As I said, I don't know what was played but I sat in the school theater, I still don't recall how or why I stumbled in, and a chamber orchestra came out and played. I was completely mesmerized... blown away at the sounds. 

I loved it beyond words.


----------



## SearsPoncho

There is a very good recording of the Dvorak Piano Quintet you mentioned by the Guarneri Quartet with Arthur Rubenstein, and it's paired with Brahms' Piano Quintet. Both are great pieces. If you like the Dvorak, you should like the Brahms. I hope you slowly explore more chamber music repertoire; there's little to no difference between chamber music and symphonic music, other than the amount of musicians involved. A Classical era piece sounds like a Classical era piece and is composed using the exact same forms as symphonies, concertos and piano sonatas, such as sonata-allegro, binary, scherzo/menuet +trios, rondo, etc. Same for Romantic, Atonal, Dodecaphonic, etc.

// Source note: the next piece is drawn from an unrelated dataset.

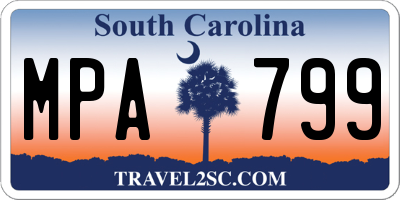 SC license plate MPA799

This is why some chamber pieces have been orchestrated, such as Bernstein's recording of late Beethoven's string quartets using the Vienna Philharmonic. An additional benefit to chamber music is that you hear every single musician clearly.


----------



## jegreenwood

Brahms Piano Trio No. 1 by Istomin/Stern/Rose. Part of a vinyl box set, which also included the Archduke and the Schubert Trio in E Flat. These became the second and third pieces I enjoyed. It took some time before I began to enjoy the Mendelssohn D Minor Trio which was also included.


----------



## Open Book

jegreenwood said:


> Brahms Piano Trio No. 1 by Istomin/Stern/Rose. Part of a vinyl box set, which also included the Archduke and the Schubert Trio in E Flat. These became the second and third pieces I enjoyed. It took some time before I began to enjoy the Mendelssohn D Minor Trio which was also included.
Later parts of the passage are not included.